We also had a rabid beaver in Umstead Park last year, right across the street from where I live. He was running right after some folks picnicking in the park. One of them had the ingenuity to jump up on a table and beat the heck out of that thing with a stick. I'd like to hire that fast thinker as my bodyguard because there's no way I would have had the guts and wherewithal to do that. My sense is that few other people would either.

I want to preface by saying that it could well be the case that Orange County does a better job of reporting its rabies incidents to the state than other counties do, and that's a part of the reason for its frontrunner status.

Still, there's no reason I can see that we should have more cases than virtually anywhere else in the state, including counties that both cover a much larger area and are on balance much more rural.

I think it's time for the county commissioners to put some pressure on their staff to figure out why we have such a rabies problem, and what can be done about it.

I don't want to have to move with trepidation every time I see an animal acting weirdly when I'm walking around town.

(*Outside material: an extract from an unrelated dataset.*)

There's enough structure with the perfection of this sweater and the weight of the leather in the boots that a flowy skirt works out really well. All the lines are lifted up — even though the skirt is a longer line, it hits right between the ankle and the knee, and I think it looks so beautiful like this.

We have outstanding folks working for the county, and I'm confident that if told to find a solution they will be able to come up with some steps toward resolving the problem. There's lots of thing that Orange County leads the state in, and almost all of them are good. By tackling the rabies problem I hope we can get rid of the bad one.

As long as we're on the topic of public health issues, I'd like to see Chapel Hill look at how it can do a better job of cleaning up roadkill.

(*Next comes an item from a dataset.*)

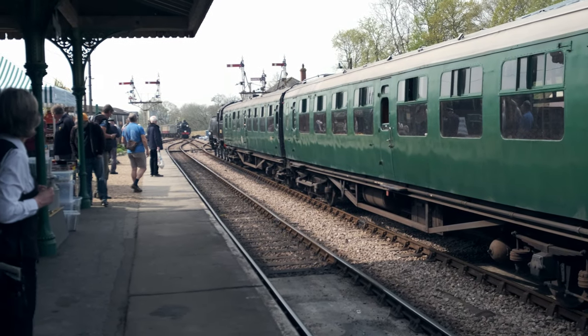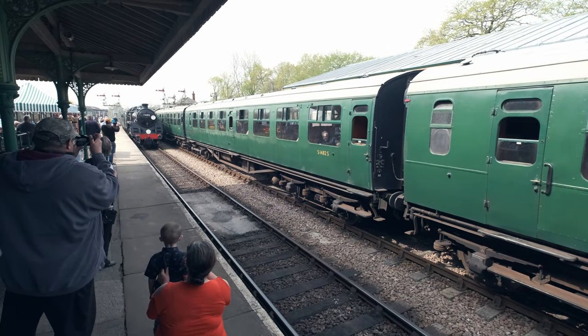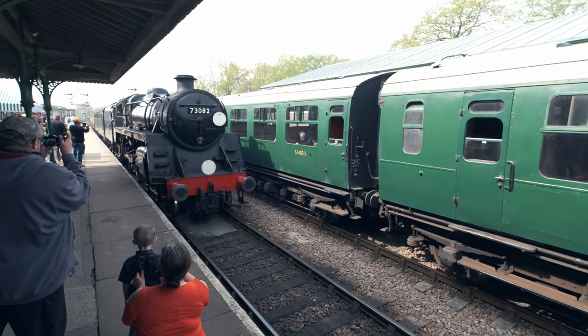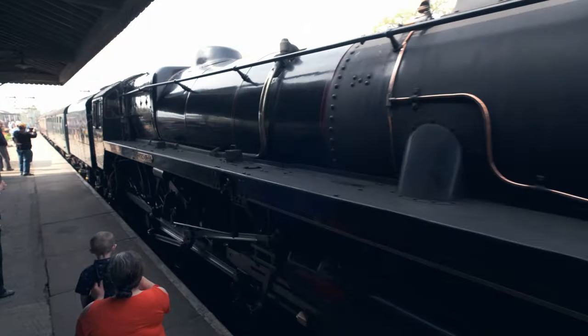Kingston service now approaching platform number 3.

One day in October I was on the phone with a Town Council member as I stepped in a dead squirrel right on the sidewalk on Cameron Avenue.

As grossed out as I was by the experience, it had long struck me as inevitable. There is a real problem with roadkill being allowed to sit on the sidewalk for days without being cleaned up. I suppose I could call and report every time I see it, but the onus should be more on the town than individual citizens to ensure that's being taken care of.

The most disgusting piece of fallout from this problem I've ever seen happened one day last summer when I saw a dead squirrel while walking downtown. I made a point of walking back home on the other side of the street -- and I was sure glad I did when I saw a raccoon eating it for dinner!

That's a site I could live without seeing ever again. Needless to say I didn't have much of a dinner that evening.

I'm sure folks are doing their jobs, but I'm equally sure that I've never been in any other community that seemed to have dead animals sprawled across the sidewalk with such frequency. There must be some room for improvement in how we dispose of roadkill, and I'd like to see it made. Chapel Hill's town government is outstanding at virtually everything it does, and this is one more thing to add to the list.

Roadkill and rabies. These are two of the problems that have been bothering me of late in an otherwise outstanding community. Let's hope our elected leaders and the great staffs they oversee can do something about them.